# Security Question



## craftychick (Nov 11, 2013)

My husband has his bills and our daily banking update sent to his work e-mail account. I do have a copy of the bank info sent to my personal, home e-mail.
I think this is a bad idea for these 2 reasons. 

1. If his work ever laid him off or took away his e-mail, he would have no access to his receipts since he keeps the payment history on his work account also.

2. I'm not comfortable having his work place have access to his/our financial business. A corporation knowing how much money we have in our accounts and information about our loans & loan payments just makes me uncomfortable.
I know it's coming in through e-mail that he has to sign into but doesn't the company have some type of access to every e-mail if they wanted to check them?
*
So my question is, how secure & private is information sent to an account that goes through your work place computers?*

He works for a big name international company who could use corporate espionage as a reason to check mail.

He does have internet available at home but for some reason, he doesn't seem to think this is a big deal so he's hesitant to change notifications over to his personal, ISP account since he can access his accounts during the day instead of after work.


----------



## TMTex (Apr 5, 2013)

A company can't legally look at or alter unopened private emails that come from a private source that are sent to an employee on a private email, but they can look at any emails that were written by the employee or those that have been opened by the employee if it passes through their servers.

If it's a company email, it's likely that they have full legal access to everything written, opened or unopened.

I agree with you that it's unsafe to do personal business using a company email address.

Here's a short blitty on some if it...

http://jobs.aol.com/articles/2013/07/30/can-boss-read-email-privacy-rights/


----------



## mnn2501 (Apr 2, 2008)

A companies email is owned by the company, not by the employee, they can do anything they want to.


----------



## Harry Chickpea (Dec 19, 2008)

You husband is being _extremely_ foolish, for the reasons you mention... AND ... in most companies doing personal business on company time and computers is grounds for termination. He needs to quit this nonsense immediately.


----------



## simi-steading (Sep 27, 2012)

Anyone with administrator access to the mail servers can read his e-mail. A company can legally look at an employee's mail. They own all rights to the server, the mail box, and the mail in it.. 

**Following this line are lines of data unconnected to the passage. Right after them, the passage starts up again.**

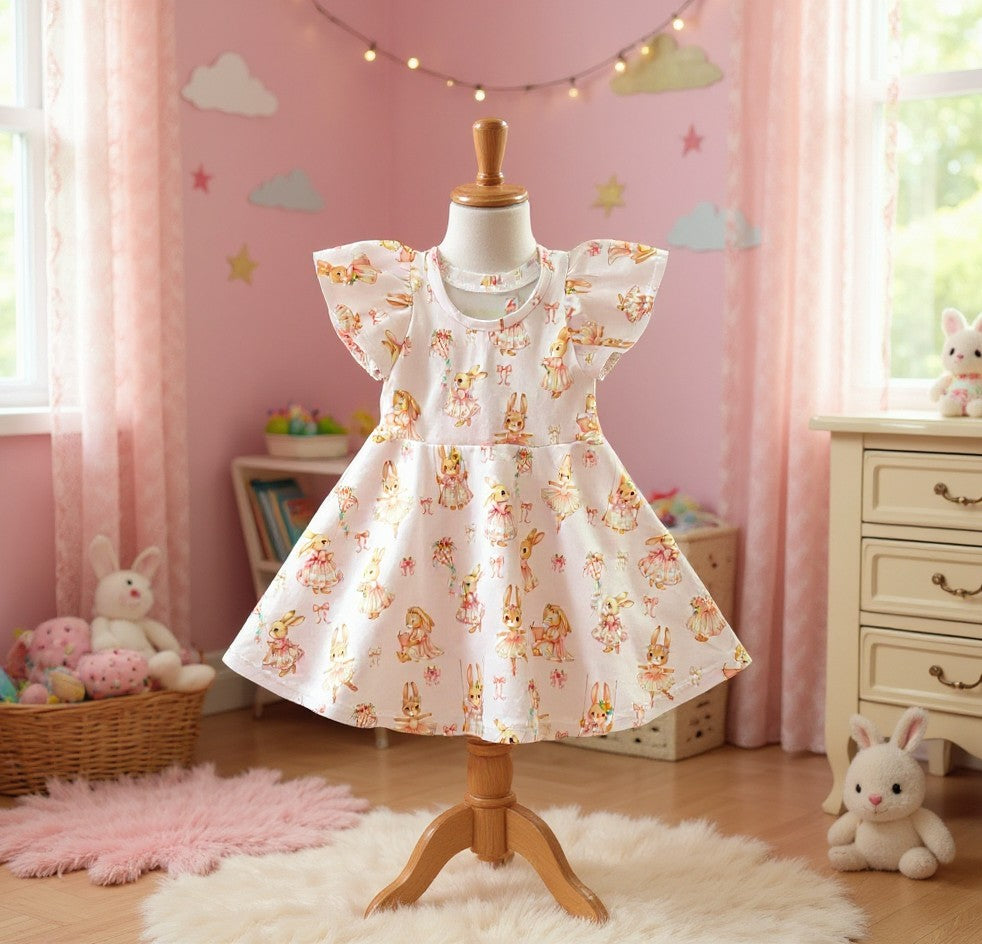 (1861) Sweet Bunny Dress - Size 1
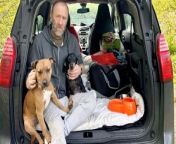 A man living in his car claims he is being forced to choose between his beloved dogs and a permanent roof over his head.&#60;br/&#62;&#60;br/&#62;Paul Growns became homeless in January 2022 and, despite working a full-time job, is still living out his car with his pets more than two years later.&#60;br/&#62;&#60;br/&#62;Paul, who was born and raised in Maidstone, Kent, says he has not been offered temporary accommodation because the council say he is not in priority need—and almost all private temporary accommodation has a no pet-policy.&#60;br/&#62;&#60;br/&#62;The 45-year-old says his two dogs, Max and Toby, are his lifeline and he is not prepared to re-home them or put them down just to get a permanent roof over his head.&#60;br/&#62;&#60;br/&#62;He said: “Being an animal lover, you can’t separate yourself from your animals because they’re family and they’re like your children while your homeless, because if you didn’t have them, you’ve got no-one.&#60;br/&#62;&#60;br/&#62;“Places don’t accept pets, so you have a choice you either stay homeless or re-home your pets.”&#60;br/&#62;&#60;br/&#62;Paul is now urging more landlords and private providers to accept pets.&#60;br/&#62;&#60;br/&#62;Maidstone Council said it has instructed its independent reviewer to consider Mr Growns’ request to overturn the decision to find him a non-priority and is “awaiting the outcome”.&#60;br/&#62;&#60;br/&#62;The spokesperson also said the council is working with him and others to identify a suitable housing solution - however Paul says he does not feel supported at all.&#60;br/&#62;&#60;br/&#62;He added: “I’ve been looking everywhere for an animal friendly place to stay.&#92;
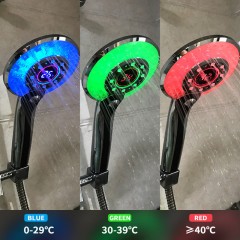 Pommeau de douche avec LED et affichage numérique de température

I disagree with the most companies Harry... Most law firms only get upset if you are doing something illegal in your e-mail... you can get personal mail.. Strangely, they give their employees quite a bit of privacy...


----------



## Nevada (Sep 9, 2004)

While I don't have any specific information about how your bank sends e-statements, sending statements as email attachments would not be a common practice. More often, online banking customers are emailed a notice that their new monthly statement is available online. The customer then logs in to his banking account with a secure (https) connection using strong encryption to view his statement. All communications are encrypted during an https session, including when he views his bank statement. The same is true for online access of credit card accounts.

It's also possible to access email with a secure connection, but as I already pointed out banks don't normally send bank statements as email attachments. If they are sending bank statements as attachments then I suggest that he use a secure (ssl) email connection. Most email providers support that.

One thing's for sure, his employer can't view encrypted information.


----------